Citizens Against Government Waste (CAGW) is a private, non-partisan, non-profit organization representing more than one million members and supporters nationwide. CAGW's mission is to eliminate waste, mismanagement, and inefficiency in the federal government. Founded in 1984 by the late industrialist J. Peter Grace and syndicated columnist Jack Anderson, CAGW is the legacy of the President's Private Sector Survey on Cost Control, also known as the Grace Commission.
The Council for Citizens Against Government Waste (CCAGW) is the lobbying arm of CAGW. The CCAGW mission is to advocate the elimination of waste and inefficiency in government through nonpartisan public education programs and lobbying activities. Each year, CCAGW tabulates its Congressional Ratings, evaluating how each member of Congress measures up on key tax and spending votes.
In 1982, President Reagan directed the Grace Commission to "work like tireless bloodhounds to root out government inefficiency and waste of tax dollars." For two years, 161 corporate executives and community leaders led an army of 2,000 volunteers on a waste hunt through the federal government. The search was funded entirely by voluntary contributions of $76 million from the private sector; it cost taxpayers nothing. The Grace Commission made 2,478 recommendations which, if implemented, would save $424.4 billion over three years, an average of $141.5 billion a year all without eliminating essential services.

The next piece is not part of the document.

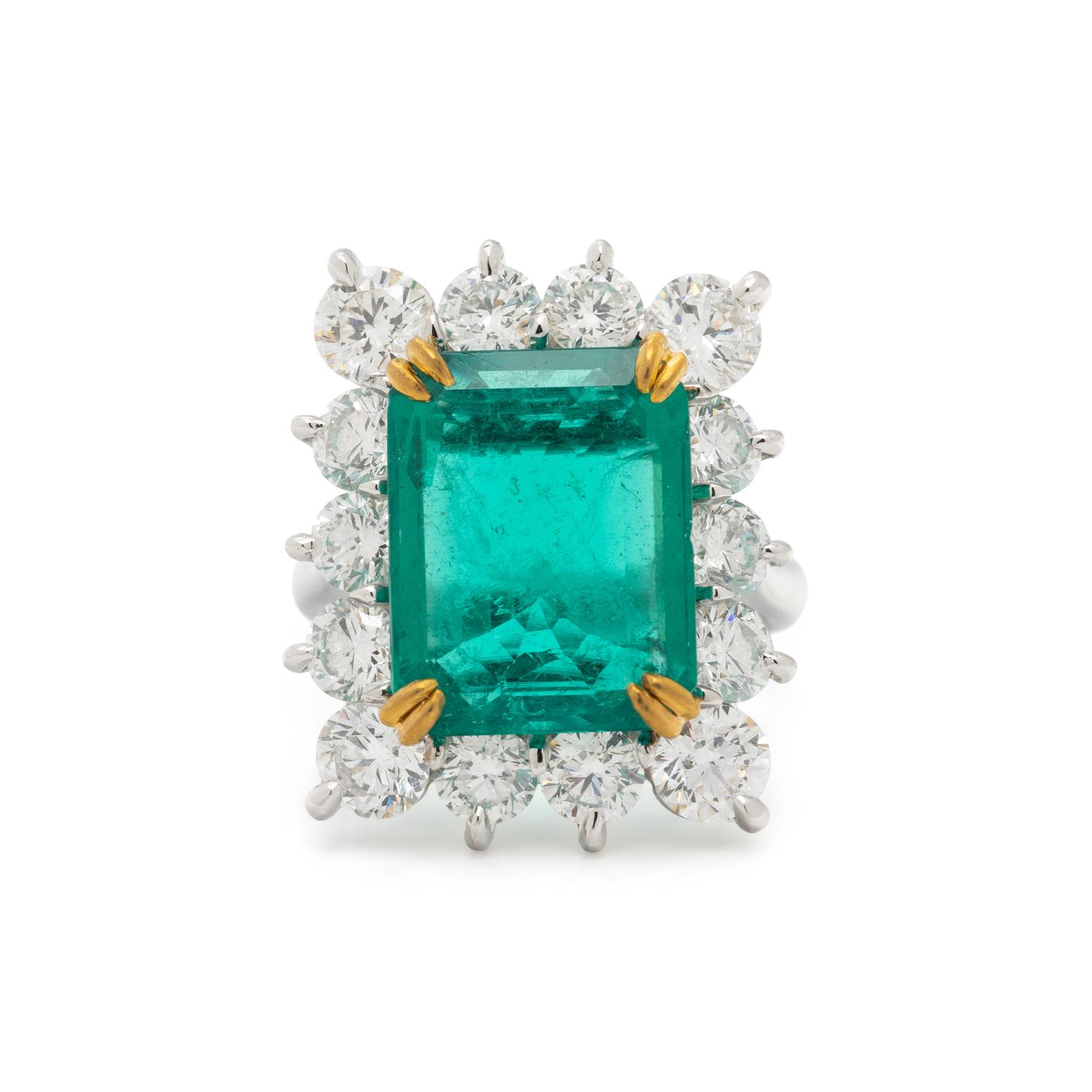 COLOMBIAN EMERALD AND DIAMOND RING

The 47 volumes and 21,000 pages of the Grace Commission Report constituted a vision of an efficient, well-managed government that is accountable to the taxpayers. CAGW has worked to make that vision a reality and, in a little over two decades, has helped save taxpayers $1.04 trillion through the implementation of Grace Commission findings and other recommendations.
Former Senate Majority Leader Bob Dole has stated, "CAGW researches and identifies the most blatant waste in government and shows how it can be eliminated. CAGW has a long and successful record of winning major cuts in wasteful spending without sacrificing America's defenses."

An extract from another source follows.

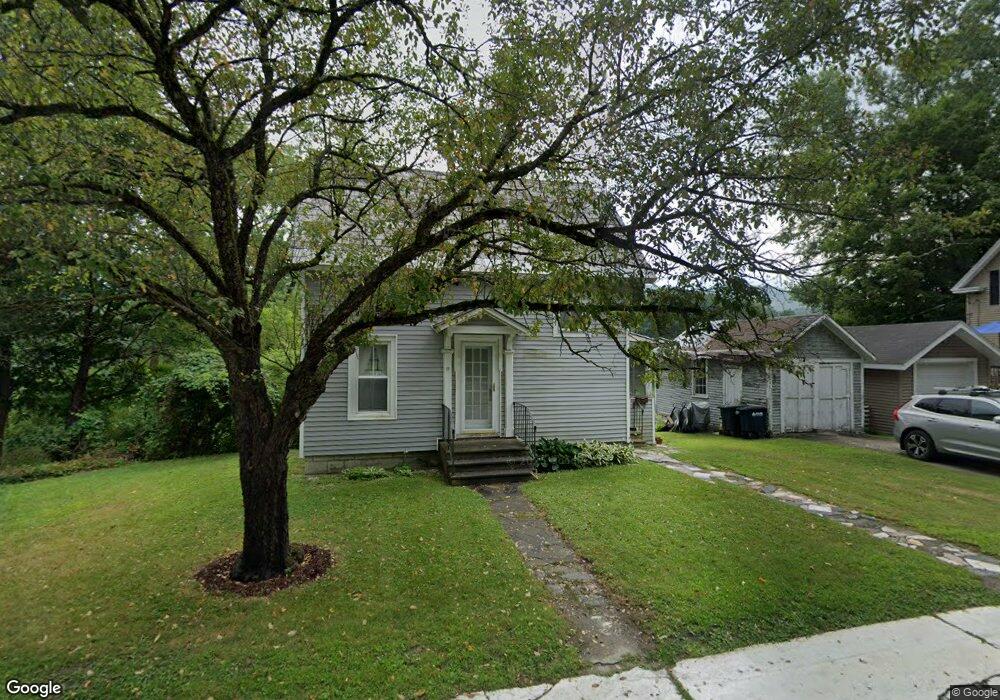 19 South St, Proctor, VT 05765 - photo 1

House Republican Policy Committee Chairman Christopher Cox (R-Calif.) went even further: "CAGW has fought side-by-side with us for welfare reform and massive cuts in wasteful spending to shrink the size of government and the deficit." Rep. Cox called CAGW "the premier waste-fighting organization in America."
CAGW's membership has grown from 5,000 members in February 1988 to more than one million members and supporters today. This phenomenal growth is the result of taxpayers' increasing frustration with the squandering of their hard-earned money in the nation's capital.
CAGW is nationally recognized as the source of information on government waste. CAGW representatives appear frequently on television, radio talk shows, and in print.
CAGW produces numerous publications highlighting wasteful government spending. Government WasteWatch is the group's newspaper, which is distributed to members of CAGW, Congress, and members of the media nationwide. The annual Congressional Pig Book Summary is CAGW's famous exposé of the most glaring and irresponsible pork-barrel projects in the 13 annual appropriations bills and their sponsors.